DIRECTIONS FOR THIS TASK — Repeat the listing exactly. Any picture in it should be left out of the copy.

(SUPPLIED INFORMATION)

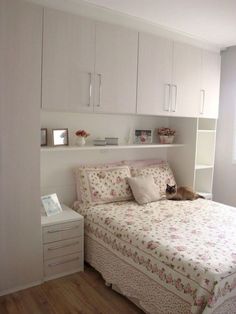 a cat laying on top of a bed in a room with white walls and wooden floors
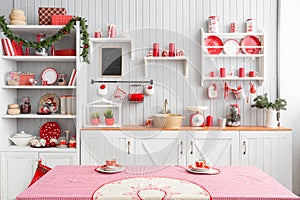 Interior light grey kitchen and red christmas decor. Preparing lunch at home on the kitchen concept.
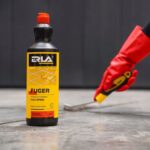 Butelka płynu do czyszczenia fug ERLA Fuger, obok osoba z czerwoną rękawicą trzyma szczotkę. Idealne do fug i spoin.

(End SUPPLIED INFORMATION)

EXERCISE OUTPUT —
 a cat laying on top of a bed in a room with white walls and wooden floors
 Interior light grey kitchen and red christmas decor. Preparing lunch at home on the kitchen concept.
 Butelka płynu do czyszczenia fug ERLA Fuger, obok osoba z czerwoną rękawicą trzyma szczotkę. Idealne do fug i spoin.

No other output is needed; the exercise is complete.